Pourquoi le choix de ce titre ?

Initialement le roman devrait être intitulé “La folle du bon des indigents” mais j’ai juste changé le titre compte tenu d’un certain nombre de faits et principalement un collègue journaliste qui m’a dit que   le titre “La folle du bon des indigènes” n’était le titre approprié puisque l’aspect policier n’apparait pas. C’est ainsi que j’ai été amené à le titrer “Meurtre sous le pont des indigents”.

Devenue folle suite au remariage de son mari qui l’abandonne au profit de sa nouvelle mariée, Chata a été assassinée dans la rue. Peut-on dire que vous mettez la polygamie en cause de par ses conséquences parfois tragiques ?

En réalité, je n’avais pas pour intention de toucher les aspects cruels de la polygamie. C’est juste un concours de circonstances que Chata s’est retrouvée secondée par une épouse. J’estime que tous ses malheurs viennent de là à partir du moment où elle avait un mari inconscient qui s’occupait moins d’elle et qui avait beaucoup plus porté son choix sur la seconde. Mais nullement je n’avais  pour intention de critiquer ou de mettre en cause la polygamie. Juste, la suite des enquêtes ont donné raison au fait que, par la polygame, elle avait été délaissée tout simplement.

Peut-on traiter de coupable la famille parentale de Chata pour ce qui est arrivé ?

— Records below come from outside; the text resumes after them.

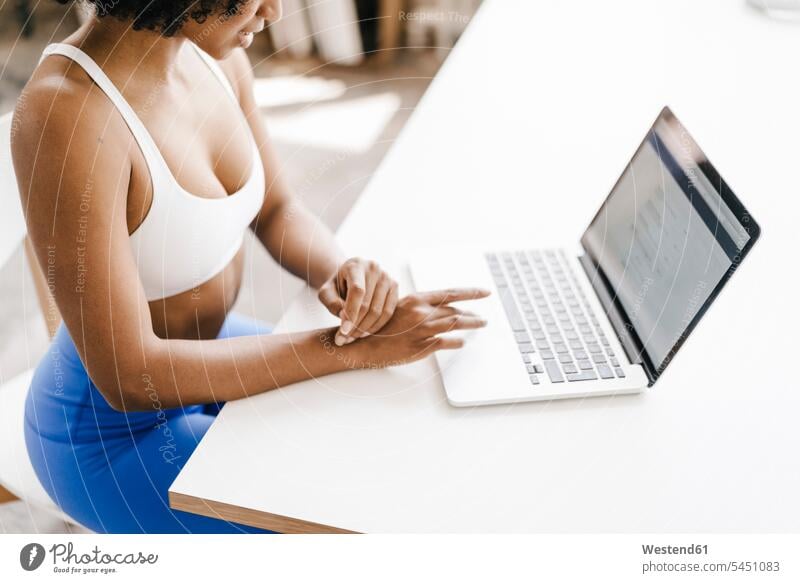 Fitte junge Frau mit Laptop zu Hause arbeiten Arbeit lernen fit sitzen sitzend sitzt Notebook Laptops Notebooks Online weiblich Frauen Training trainieren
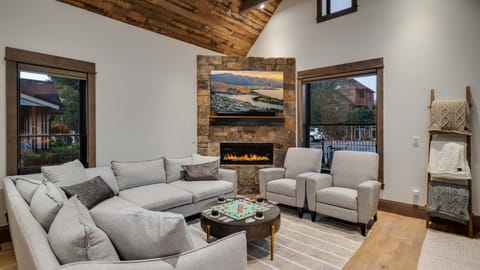Cozy great room wit hTV and fireplace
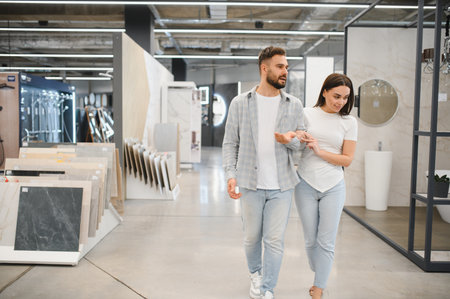 Young couple walking through a tile showroom, choosing materials for their house renovation project, discussing optionsの写真素材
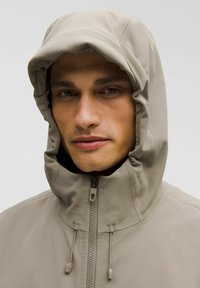 Chaqueta beige con capucha de textura suave, cuello alto y cierre de cremallera completo. Presenta cordones ajustables en la capucha para un ajuste seguro.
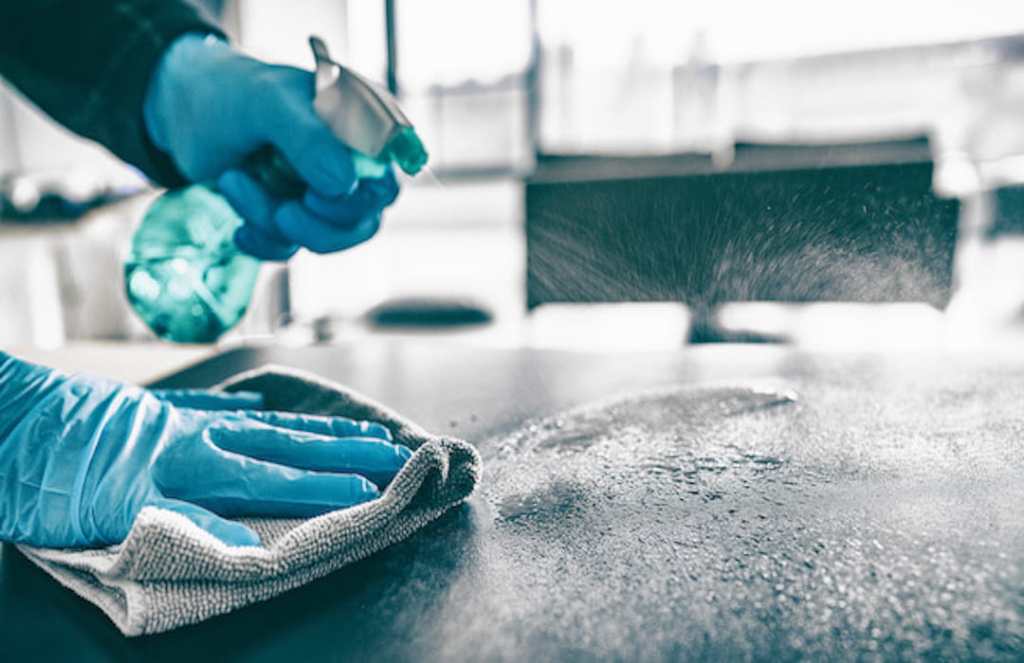 Person cleaning counter with disinfectant spray and microfiber towel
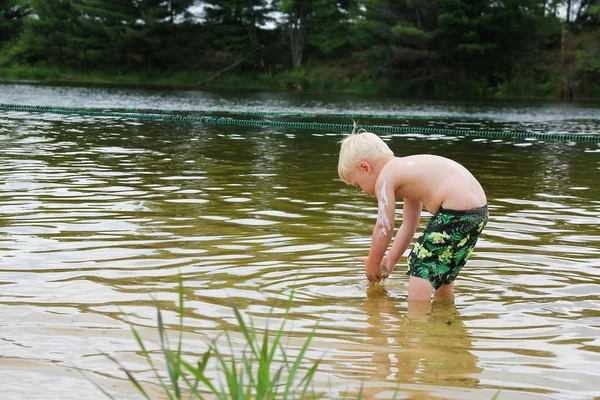 Jong kind spelen buiten in Lake — Stockfoto
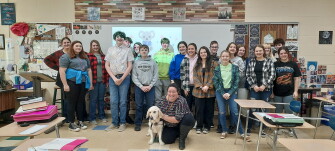 Student canine handlers receive a three-year tMHFA certification. Here they're pictured with OSU extension educators Bridget Britton and Kiersten Heckle on Dec. 9, 2022.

Les avis sont partagés à ce niveau. Il y a un des frères de Chata qui n’était d’accord avec la façon dont le père la traitait. Par contre, le père avait une autre approche de la situation. Lui, pensait tout simplement que Chata simulait la folie pour pouvoir échapper à son mari.

Culpabiliser le père, vous avez peut-être raison et même le mari on peut le culpabiliser dans un sens parce qu’on se rend compte qu’il n’a pas été responsable. C’est la raison d’ailleurs pour laquelle la police l’a interpellé et par suite l’a libéré pour insuffisance ou même inexistence de preuves.

Quelle recette proposez-vous face aux crimes rituels dont Chata a été victime ?

Il n’y a pas de recette toute faite. En réalité, ce qu’on a remarqué, c’est que lors des élections, qu’elles soient présidentielles, législatives ou communales, on voit un regain de crimes rituels.

Les gens à qui on a coupé le bras et d’autres assassinés à qui on a enlevé des organes. C’est pourquoi, je me suis dit que ça doit être assez intéressant pour orienter un peu les choses sur cet angle là aussi avec l’assassinat de la petite albinos à Fana qui a été un élément facilitateur de cette orientation du roman vers les crimes rituels. C’est ce qui fait qu’on se retrouve non seulement dans une situation ou le roman a été dédié à la mémoire des victimes, mais il y a aussi deux cas d’agression sur la basse d’organes qu’on voulait prélever dont la main de l’une et de l’autre.

Qu’est-ce qui motive à écrire et quelles sont vos sources d’inspiration ?

L’écriture est juste une passion pour moi et mes sources d’inspiration sont le vécu quotidien, les faits qui se passent dans la société, la lecture des journaux et surtout les faits divers. Au-delà de cela, je n’ai pas spécifiquement un massage à faire  passer. Quand on écrit, obligatoirement les uns et les autres peuvent interpréter et y voir les leçons que nous voulons faire passer sans que l’écrivain même ait vraiment en tête de faire passer expressément certains messages. J’écris pour le simple plaisir d’écrire et je laisse le soin aux lecteurs d’apprécier et de faire des rapprochements entre certaines réalités.

Quels sont vos projets d’écriture ?

J’ai commencé par le polar, mais je crois que je ne vais pas m’arrêter en si bon chemin. Ma prochaine parution va être un recueil de nouvelles. J’ai déjà une dizaine de nouvelles écrites que je vais mettre ensemble pour en faire un livre très prochainement. Je pourrais m’orienter aussi vers les essais.

Un conseil aux jeunes qui veulent écrire comme vous ?

Un conseil assez simple. Pas de recette miraculeuse en termes d’écriture. Il faut juste s’y mettre. Il faut beaucoup lire et l’écriture c’est la passion. Je réaffirme ma disponibilité et mon accompagnement total aux jeunes qui veulent écrire.